Directions: Write out the data exactly, please, and omit the pictures.

Supplied material:
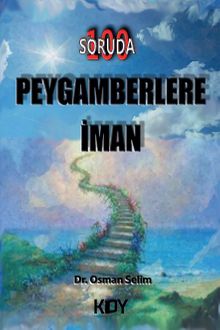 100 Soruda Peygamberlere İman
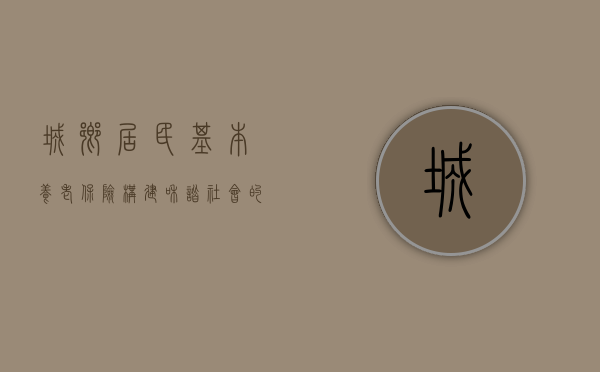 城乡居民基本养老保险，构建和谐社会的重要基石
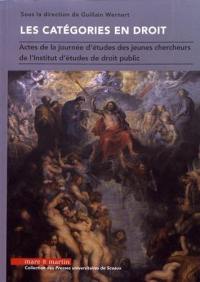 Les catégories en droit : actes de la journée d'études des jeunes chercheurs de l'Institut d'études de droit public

Task solution:
 100 Soruda Peygamberlere İman
 城乡居民基本养老保险，构建和谐社会的重要基石
 Les catégories en droit : actes de la journée d'études des jeunes chercheurs de l'Institut d'études de droit public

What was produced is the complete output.